Figure 5. Hippocampal but not neoortical seizure damage is reduced in bim^−/− mice

(A, B) Representative photomicrographs (4× lens) of Fluoro-Jade B staining within the ipsilateral hippocampus 72 h after status epilepticus in wild-type (wt) and bim^−/− mice. Note the reduction in numbers of damaged/dying cells within CA3 in bim^−/− mice compared to wild-type animals. (C–F) Representative photomicrographs (40× lens) of Fluoro-Jade B staining within the ipsilateral hippocampal CA3a and CA3b/c regions 72 h after status epilepticus in wild-type and bim^−/− mice. Note, the reduced numbers of Fluoro-Jade B positive cells in bim^−/− mice compared to wild-type animals. (G, H) Graphs quantifying numbers of Fluoro-Jade B stained cells in the hippocampal CA3 and the neocortex for each genotype of mice. Data are derived from n = 6–10 per group. *p < 0.05. ns, not significant. (I, J) Representative photomicrographs (4× lens) of Fluoro-Jade B staining within the ipsilateral neocortex 72 h after status epilepticus in wild-type and bim^−/− mice.

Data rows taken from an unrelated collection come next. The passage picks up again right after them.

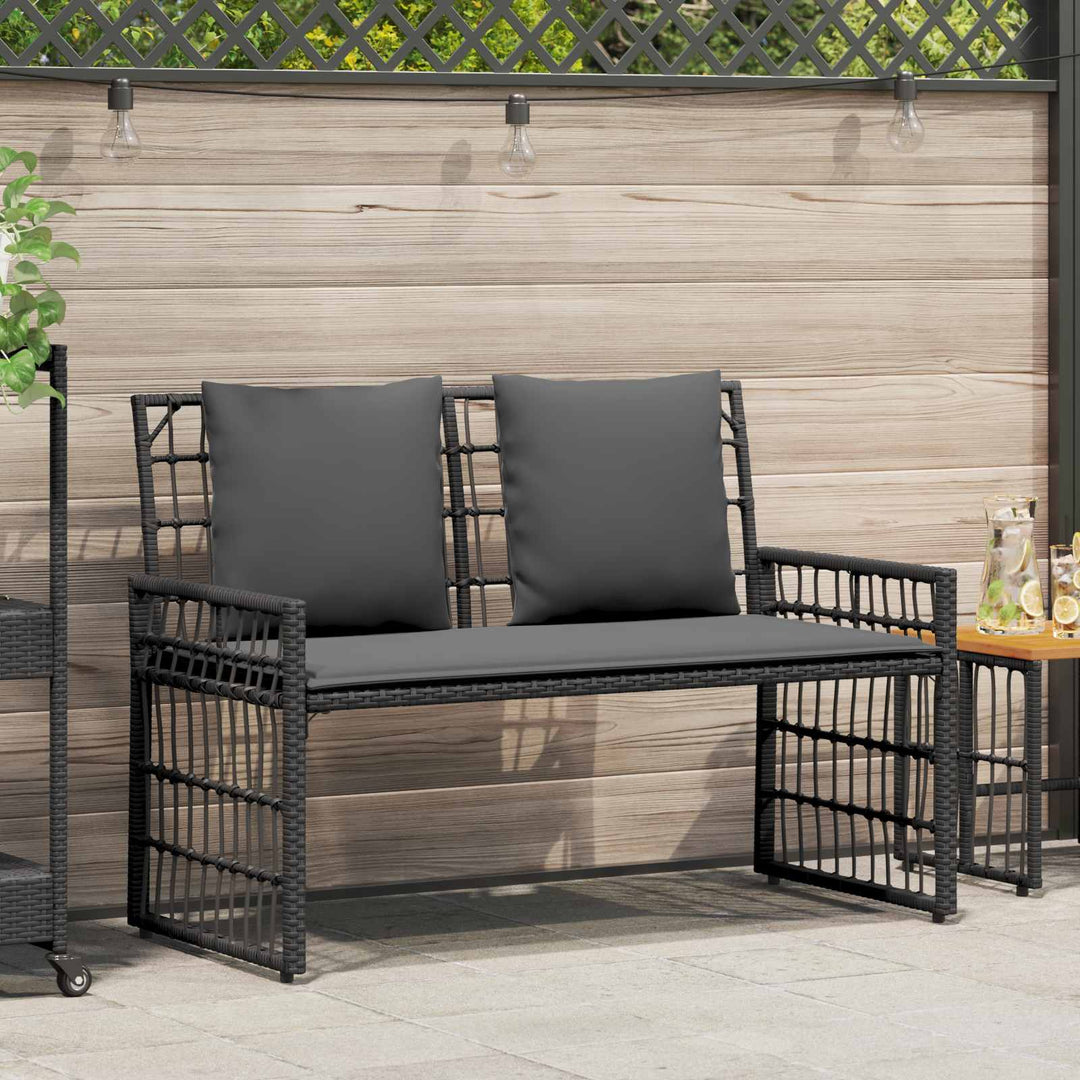 Udendørs bænk 2 -Seater 116 x 55 x 82 cm Stål og Polyrattan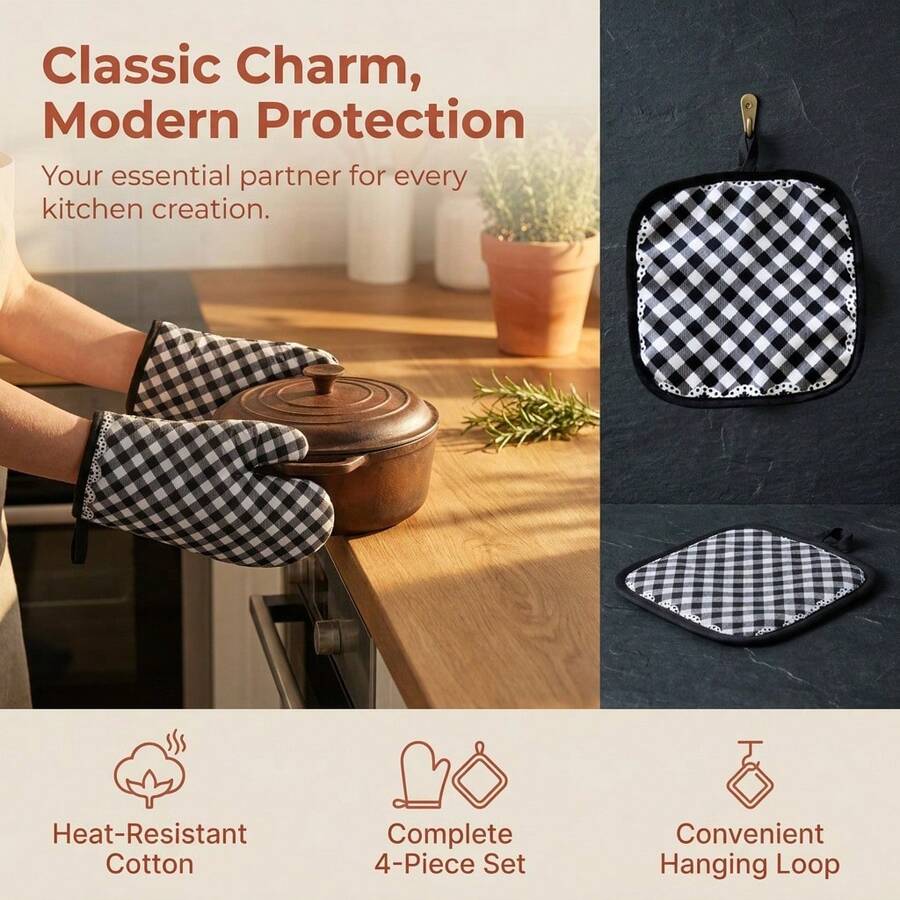 Heat-Resistant Gloves And Pads Set, Fashionable Printed Pattern, Suitable For Baking, Cooking, Grilling - View 1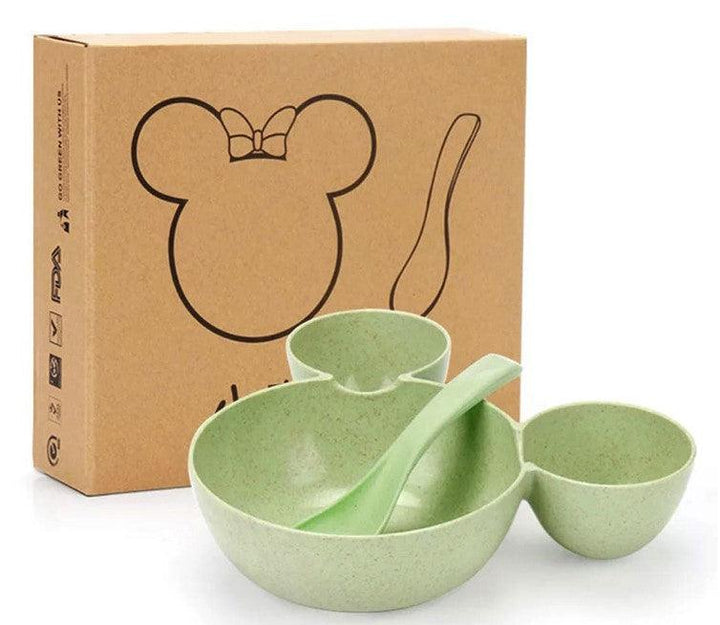 Wheat Straw, Children's Bowl, Cartoon, Wheat Chopsticks, Fork Spoon, Fruit Dish, Mickey's Bowl, Lovely Gift Set - Mamofa Global Store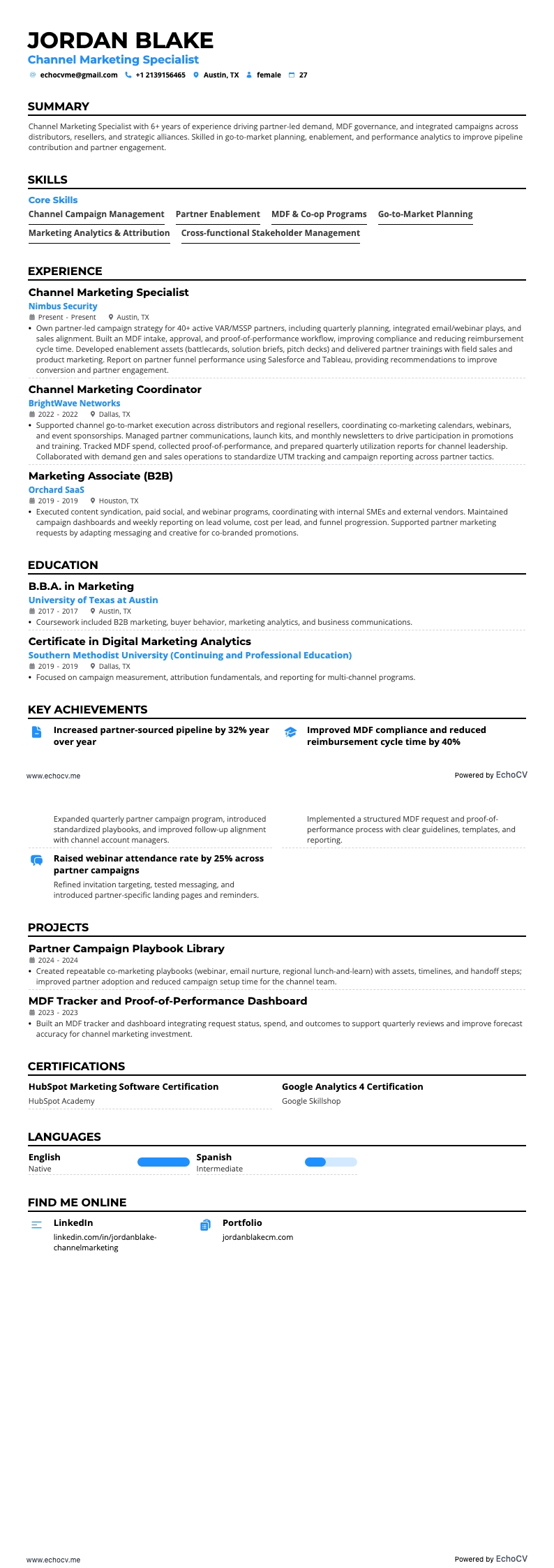 Channel Marketing Specialist example resume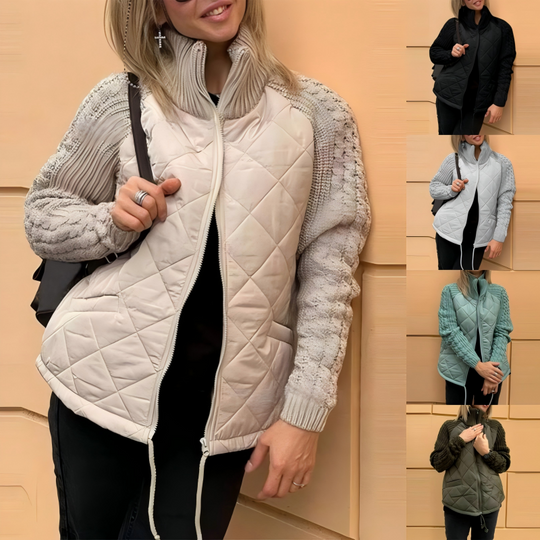 🔥2025 New Women’s Knit Patchwork Puffy Jacket - Soft Knit Panels, Quilted Body, Easy-Zip, Big Pockets 🧶🧷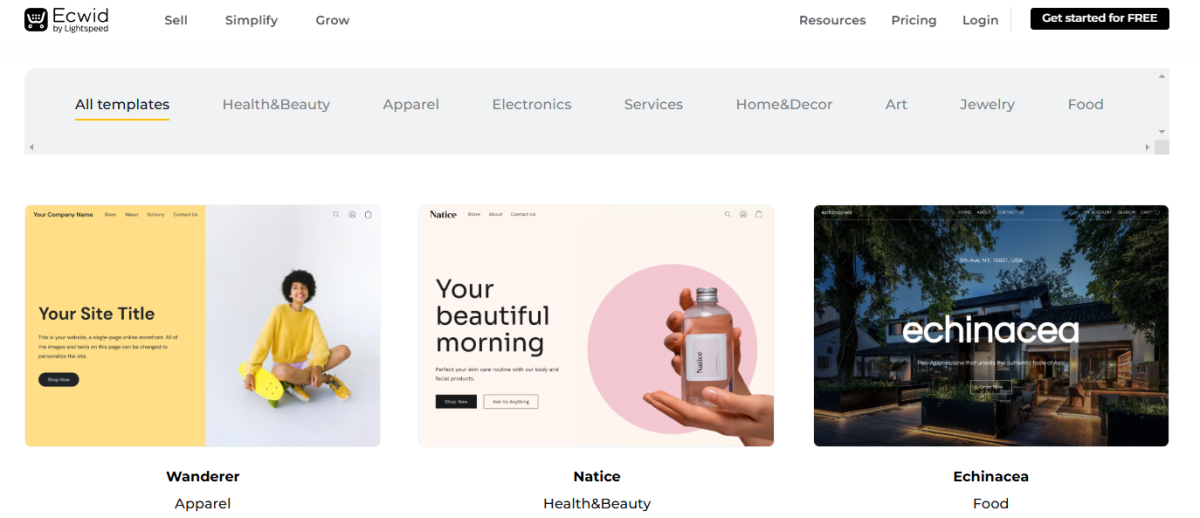 Ecwid Website Themes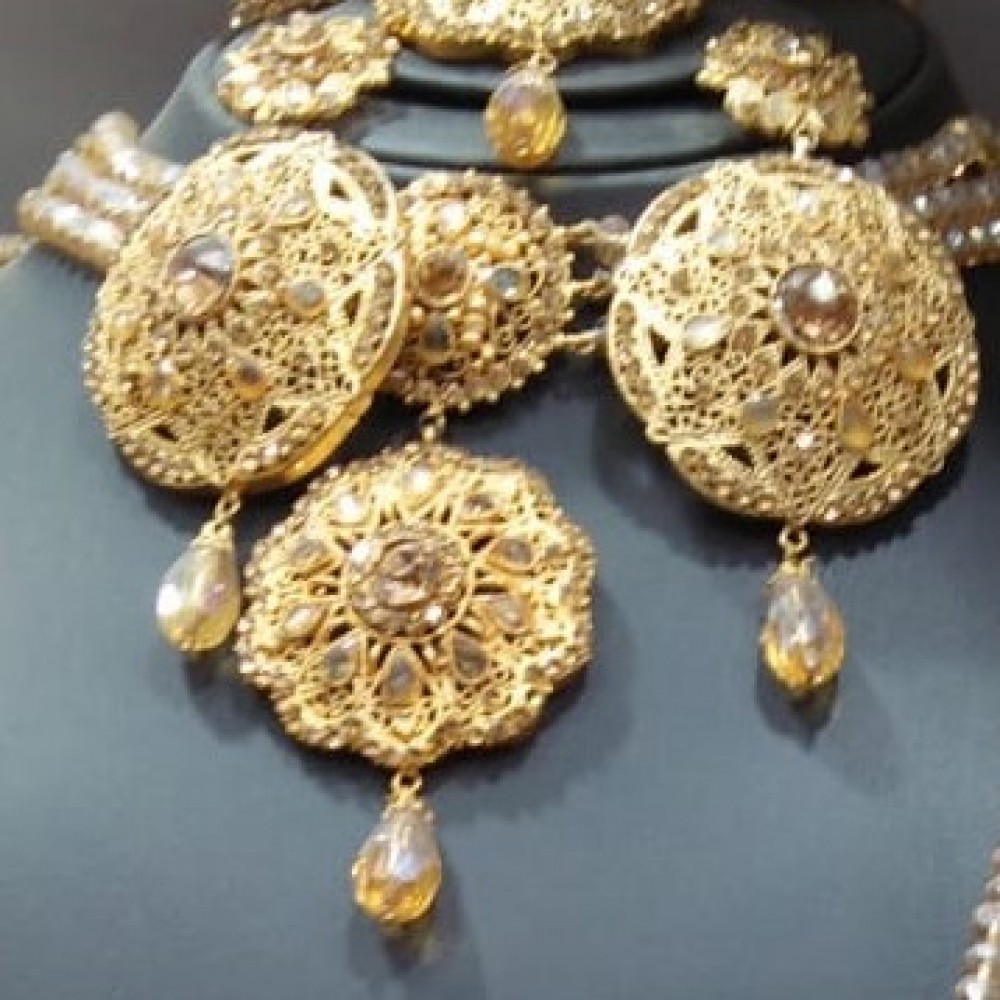 Golden Mala, Earrings, Matha Pati & Choker Necklace Jewelry Set For Women - Casting Material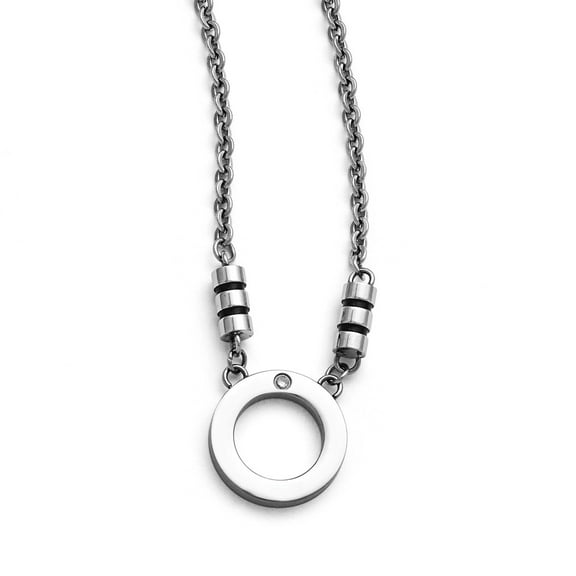 White Stainless Steel necklace with pendant Black Cubic Zirconia CZ 22.5 in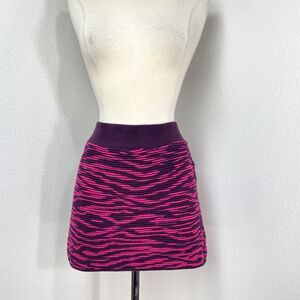 Derek Heart Brown & Pink Mini Knit Skirt Large Booty Cover Sporty Festival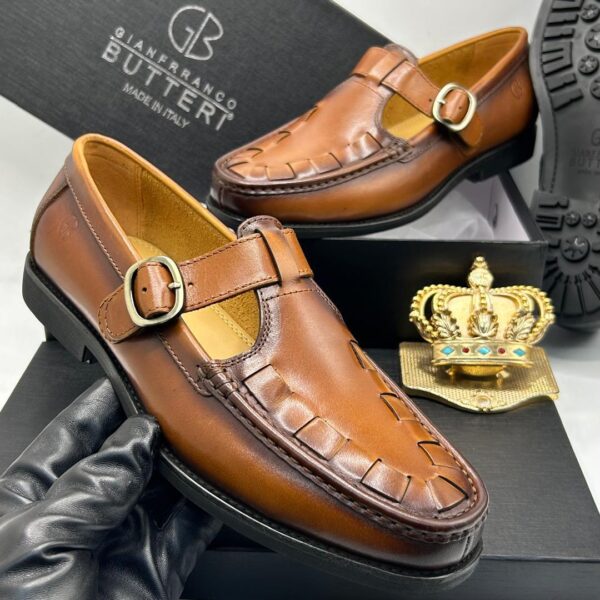Gianfranco Butteri Men’s Brown Leather Buckle T-Bar Loafers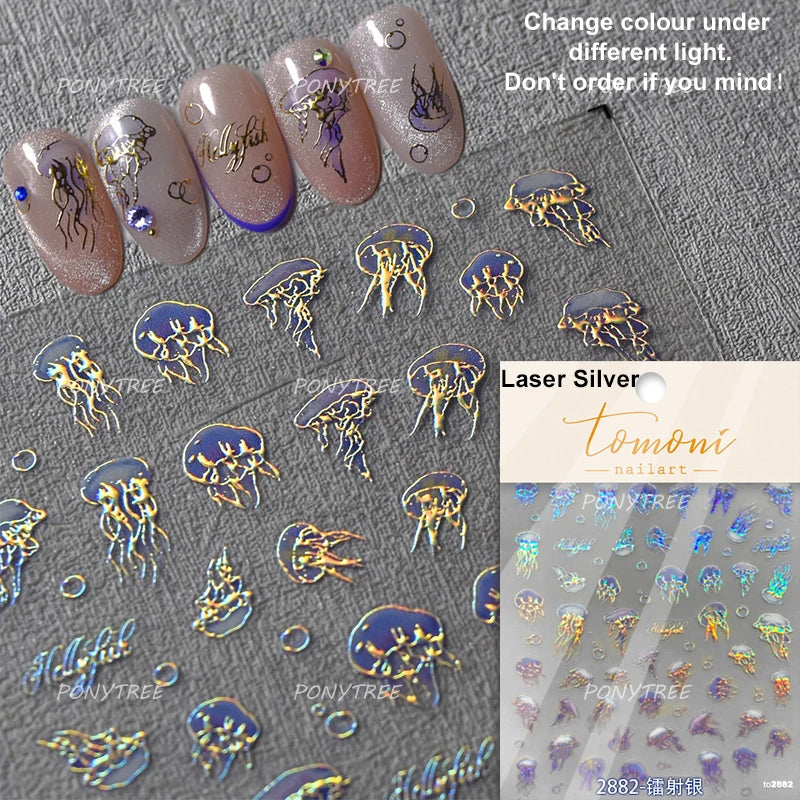 Pink Star Oceanic Shell Starfish Conch Bowknot Embossment Shiny Delicate 5D Chic Self Adhesive Nail Art Stickers Manicure Decals (Online Order Only)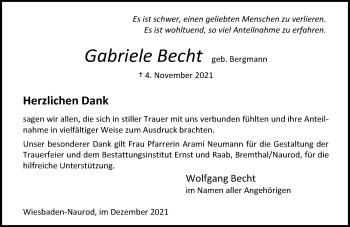 Traueranzeige von Gabriele Becht von vrm-trauer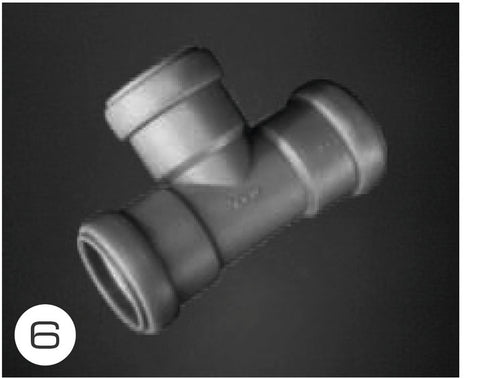90° T-Stück für 28 mm Rohre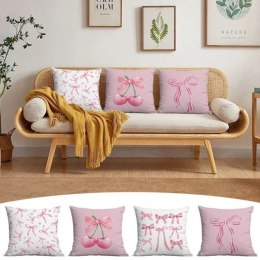 Poszewka na poduszkę 45 x 45 cm KOKARDA różowa POD231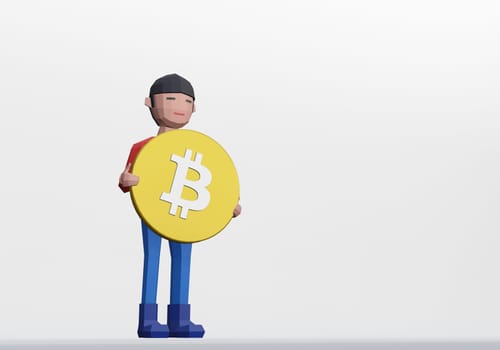 3d render of cartoon dummy holding a bitcoin for crytocurrency concept.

Figure 6. Bim depletion by short interfering RNA reduces KA-induced neuronal death in hippocampal organotypic cultures

(A) Representative photomicrographs (4× lens) show control and KA-treated cultures stained with propidium iodide (PI) at 24 h. Note, the significant cell death within hippocampal CA1 and CA3 (arrows). (B) Representative PI staining in KA-treated cultures at 24 h. Note, cell death is reduced in the cultures transfected with short interfering RNA targeting bim (bim siRNA) compared to cultures treated with a scrambled sequence (scram siRNA). (C) Representative PI staining in CA3 for each group. (D) Representative Western blots (n = 3 per lane) showing expression of Bim following KA treatment increases, and that bim siRNA reduces Bim protein levels. Blots below show levels of the KA receptor were not altered by the treatments, and probing for actin is provided as a control for equal protein loading. Data are derived from three independent experiments. (E, F) Graphs show quantification of cell death in CA1 and CA3 24 h after treatment. *p < 0.05 for comparison between cultures treated with KA plus bim siRNA compared to KA-treated cultures treated with scrambled siRNA.